The present invention relates to a reflective liquid crystal panel substrate and a reflective liquid crystal display device using the substrate.

[0002]

2. Description of the Related Art Currently, liquid crystal panels are used in portable terminals and the like. In order to make a terminal or the like usable for a long time, a reflection type liquid crystal display device is used. In order to configure a reflection type liquid crystal display device, a reflection plate is required. JP 5
In -27224, a solution is provided by defining the thickness of the substrate for the image quality deterioration due to the double image of the real image and the shadow thereof, particularly in the reflection type, due to the thickness of the substrate opposite to the user. However, there are no particular restrictions on the substrate and the reflector.

[0003] Further, in the method of attaching a reflector currently used in the manufacturing process to a completed liquid crystal panel, the number of steps is increased because a reduction in reflectance and a step of attaching are required. Although this increase in the number of steps causes a decrease in yield and an increase in cost, the prior art does not provide a solution to these problems.

[0004]

SUMMARY OF THE INVENTION An object of the present invention is to provide a reflective liquid crystal cell substrate which solves the above-mentioned problems, and a reflective liquid crystal display device using the substrate.

[0005]

According to the present invention, there is provided a substrate for a reflection type liquid crystal cell, wherein a substrate on which a reflection layer is formed has an uneven shape and a reflection layer on a side opposite to a side in contact with the liquid crystal layer. The problem was solved by providing a reflective liquid crystal display element using the substrate.

Hereinafter, the present invention will be described with reference to the drawings. FIG. 2 is a schematic cross section of a reflection type liquid crystal display device having a conventional structure. In FIG. 2, reference numerals 3 and 5 denote substrates of a liquid crystal cell, which sandwich liquid crystal between substrates 4 via a gapping agent 8 in the drawing. 1
Is a polarizing plate + a retardation plate (shown as one component for simplicity). Reference numeral 7 denotes a reflector. The polarizing plate + the retardation plate and the reflection plate are attached to the liquid crystal cell via adhesives 2, 6, respectively. With this configuration, the reflectance of the reflection plate 7 decreases. Further, since the reflection plate 7 is bonded to the completed liquid crystal cell, the cost is increased and the yield is reduced due to an increase in the number of steps.

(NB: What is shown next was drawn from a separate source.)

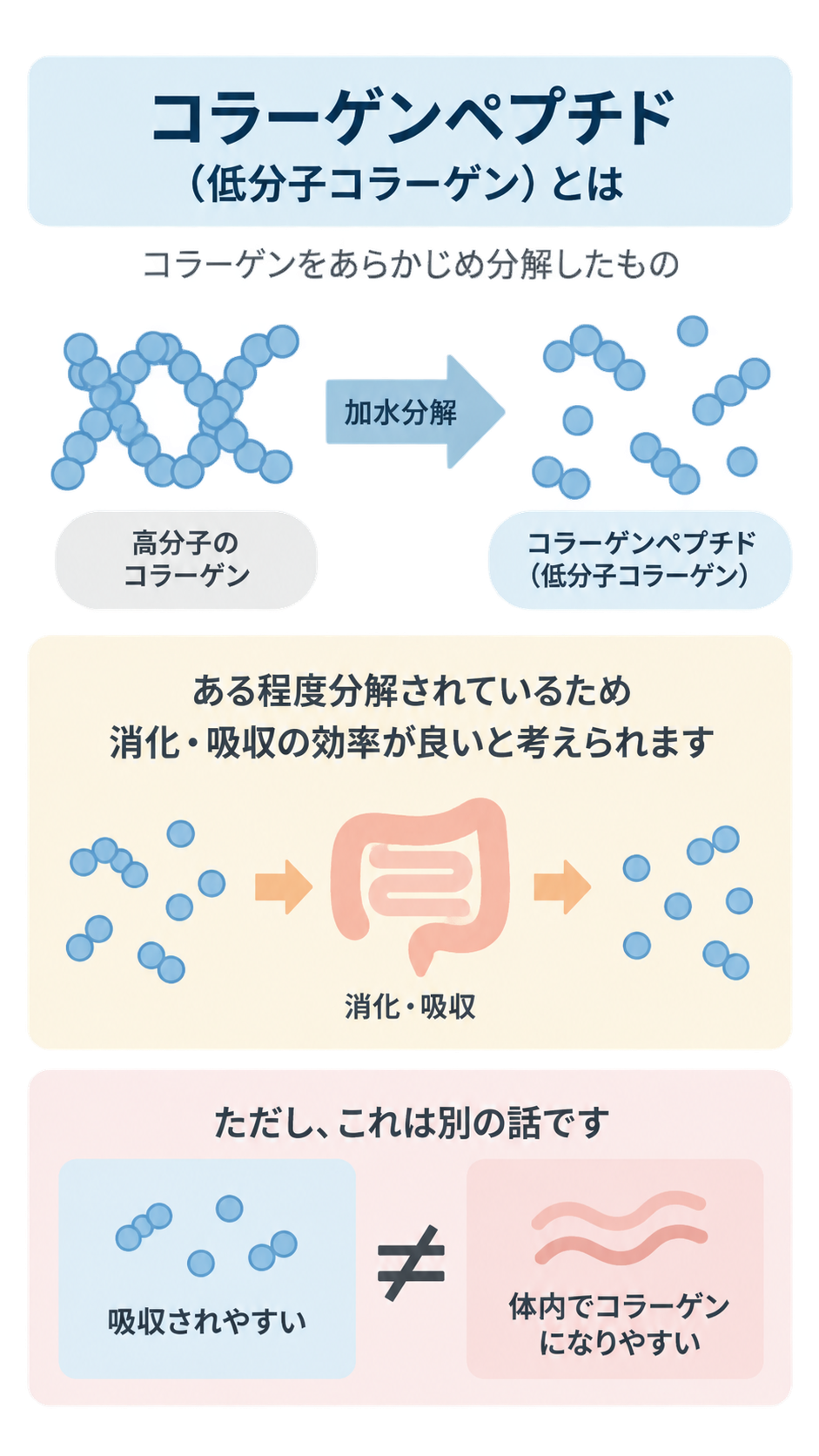 高分子のコラーゲンが加水分解でコラーゲンペプチドになる流れと、消化・吸収の図。「吸収されやすい」と「体内でコラーゲンになりやすい」は別だと「≠」で示している。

FIG. 1 is a sectional view showing an example of the liquid crystal display device of the present invention. 9 is a reflection layer formed on the back surface of the substrate 5. In this configuration, unlike FIG. 2, the adhesive 6 is not required. The surface of the substrate on which the reflective layer is formed is processed into irregularities on the surface of the substrate to control the reflection characteristics of the substrate, thereby making it possible to use the reflected light efficiently according to the purpose.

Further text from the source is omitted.